Nico si ferma, spegne la moto e la posteggia. Poi si rimette il cappellino e si avvicina alla pompa. Ora è un po'"triste e mogio. Insomma non è più spavaldo come prima.

"Ma Carolina, tu devi fare benzina."

"No, no, grazie, l'ho fatta prima." Già, perché Nico è il figlio del benzinaio. Ma non è certo per questo che gli ho detto di no al giro. E che sul serio ho paura! Comunque ormai da quando l'ho scoperto vado sempre a fare benzina lì. Ma mica per Nico, lui l'ho conosciuto dopo, per Luigi, suo padre. E" un tipo basso con dei grandi baffi, sotto la tuta porta sempre la cravatta, ed è sorridente e gentile anche con me che al massimo metto 5 euro. Perché a volte i benzinai quando si accorgono che metti così poco, che gli lai staccare la pompa per "soli" 5 euro, allora ti trattano male, non ti guardano quando glieli dai e alla fine neanche ti salutano. Invece lui e anche sua moglie Tina sono sempre gentili.
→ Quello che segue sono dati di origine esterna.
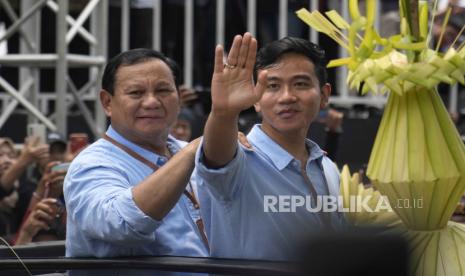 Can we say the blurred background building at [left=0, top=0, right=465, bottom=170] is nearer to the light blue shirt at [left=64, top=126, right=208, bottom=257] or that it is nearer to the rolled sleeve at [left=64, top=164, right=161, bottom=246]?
the light blue shirt at [left=64, top=126, right=208, bottom=257]

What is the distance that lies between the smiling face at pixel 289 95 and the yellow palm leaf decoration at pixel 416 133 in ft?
2.04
Tina è grossa, robusta, con un seno grande e i capelli scuri e mossi. E" quella che prima ha urlato a Nico e forse lui ha preso da lei, anche se gli occhi sono quelli del papà. Fatica un sacco quella donna, la vedo spesso lavare le macchine che le portano. E lei che se ne occupa, le lava e poi le asciuga bene dopo averle fatte passare sotto l'autolavaggio. Si stende con dei grossi stracci sopra il cofano e prova ad asciugare il parabrezza e poi il tetto e con quel seno grosso che ha, quasi non ci arriva. Ed è buffa perché le si strizzano i seni dentro quella tuta, ma lei continua con i capelli che le cadono sul viso, sudata, sbuffando e fa il suo lavoro con grande attenzione. E vedere Nico che continua a fare le pinne mentre sua mamma lavora così tanto... Mah. Affari loro.

Un giorno però mentre sto tornando da scuola una moto mi accosta. Mi stringe e quasi cado e sono costretta a frenare e non mi accorgo che è lui fino a quando non si toglie il casco.

"Nico! Mi hai spaventata!"

"Scusa..." Poi rimane in silenzio. "Ma perché non vuoi uscire con me? Perché sono il figlio del benzinaio?" E rimango quasi senza parole. Lo vedo lì davanti a me con quei capelli ricci con una faccia decisa ma buona in fondo, anche un po'"in difficoltà.

"Perché dici questo? No, non c'entra niente."

"Sicura?"

"Certo."

"Dimostramelo. "

"Primo, io non ti devo dimostrare nulla. E secondo, non esco con te perché mi vuoi portare su questa moto che guidi come un pazzo... Ci mancava poco che mi facevi cadere così, pensa se mi porti su una ruota sola... Non ci verrei mai."

Allora Nico sorride. "E se ti prometto che guido piano piano... e che non pinno mai?"